Ever struggle to type accurately on your new iPhone, or find that your finger isn't 'tapping' where you expect it to? A new report from Finnish technology analysts OptoFidelity has revealed 'significant fails' in the iPhone's touch accuracy.
The surprising news shows that the screens on both the iPhone 5S and 5C are inaccurate across approximately 75% of their area. In comparison, a Samsung Galaxy S3 tested by OptoFidelity showed the same level of accuracy across the screen, only losing accuracy along the edges.
The tests were carried out using a 'robotic finger', called a Touch Panel Performance Tester (TPPT), that taps the screen and tracks its precise coordinates along with the exact point at which the screen 'thinks' it was touched. The results showed that over 75% of the screen, Apple's phones recorded a touch point that was more than 1mm away from the actual coordinate of the TPPT.

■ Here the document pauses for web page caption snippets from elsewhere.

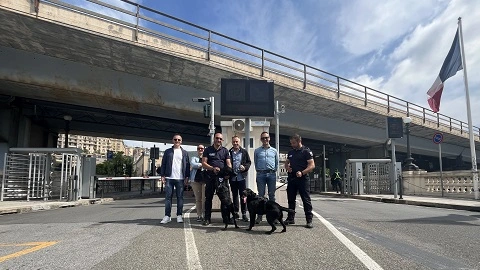 Unità cinofile in azione al Porto di Genova: concluse le prime prove sperimentali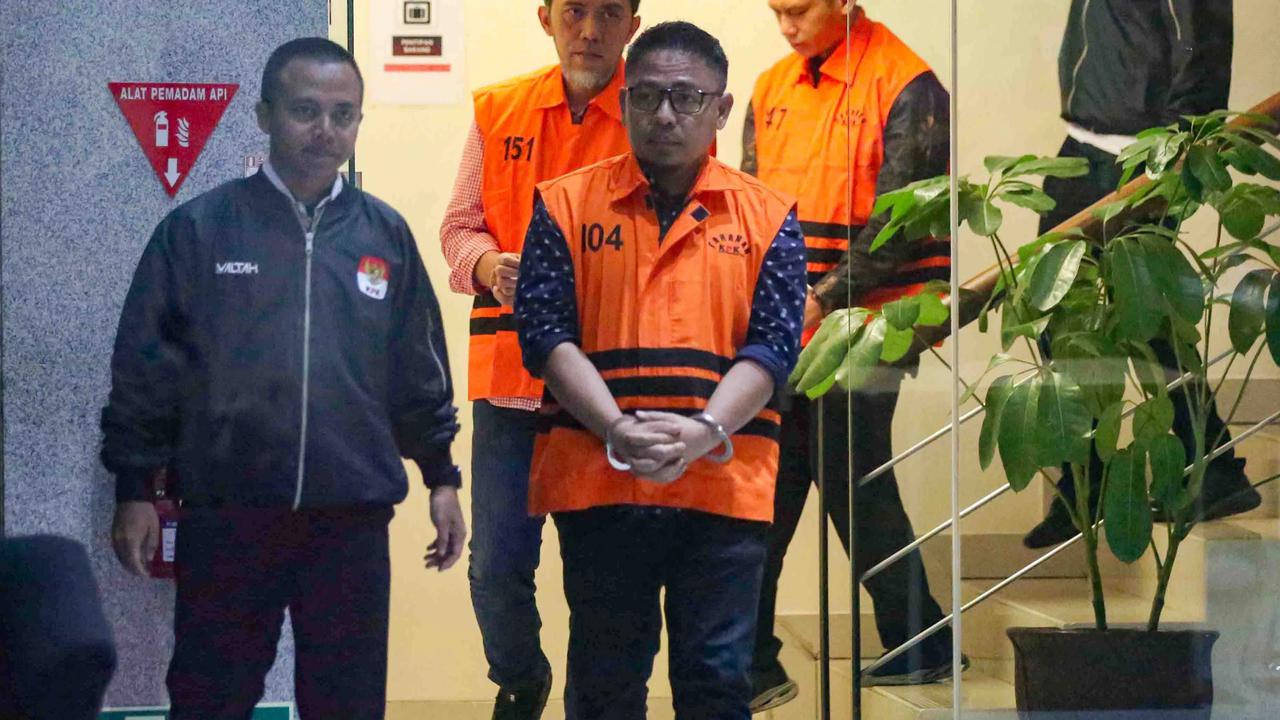 FOTO: KPK Tahan Tiga Tersangka Baru Kasus Korupsi Pembangunan RSUD Kolaka Timur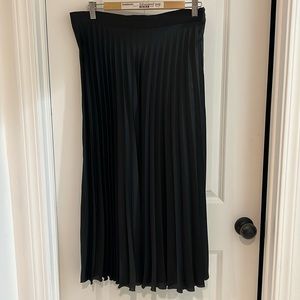 Zara pleated skirt
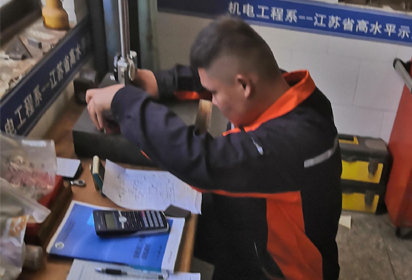 宿遷經(jīng)貿(mào)高職3名學(xué)生代表宿遷參加省狀元大賽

Accuracy was the same on the 5S and 5C screens. Both showed perfect accuracy across the lower left hand quarter of the screen, but results worsened towards the edges of the screen as well as across the upper section. Apple claims that its phones feature 'perspective correction' technology which compensates for the angle of vision and ensures that you click what you expect regardless of where it is on the screen.
The main consequence of any inaccuracies on the iPhone's screen is likely to be in texting, with the Q, P, O and I keys all affected, as well as the backspace key.
OptoFidelity says they will not comment on any 'alleged perspective compensation features of Apple Products'. They point out that the accuracy tested by the TPPT is at a finer level than most people will recognize, but note that 'Typing errors occur when a user touches close to the edge of a button.'
As well as assessing the screen performance, OptoFidelity also tested the iPhone 5S and 5C for their web browsing and camera performance, and found that both significantly outperformed the Galaxy S3, opening browser windows quicker and launching the camera application quicker.
Apple has also been experiencing difficulties with some iPhone 5S handsets over their battery life, with some customers reporting that the battery didn't last as long as advertised. Speaking to the New York Times, Apple spokeswoman Teresa Brewer said 'We recently discovered a manufacturing issue affecting a very limited number of iPhone 5S devices that could cause the battery to take longer to charge or result in reduced battery life.We are reaching out to customers with affected phones and will provide them with a replacement phone.'
The iPhone 5S launched on September 20 to great reception, promising standby battery life of 250 hours and talk time of up to 10 hours, but some early customers have reported figures significantly beneath these. Apple has not said how many phones are affected, simply saying that a few thousand have been hit by the problem.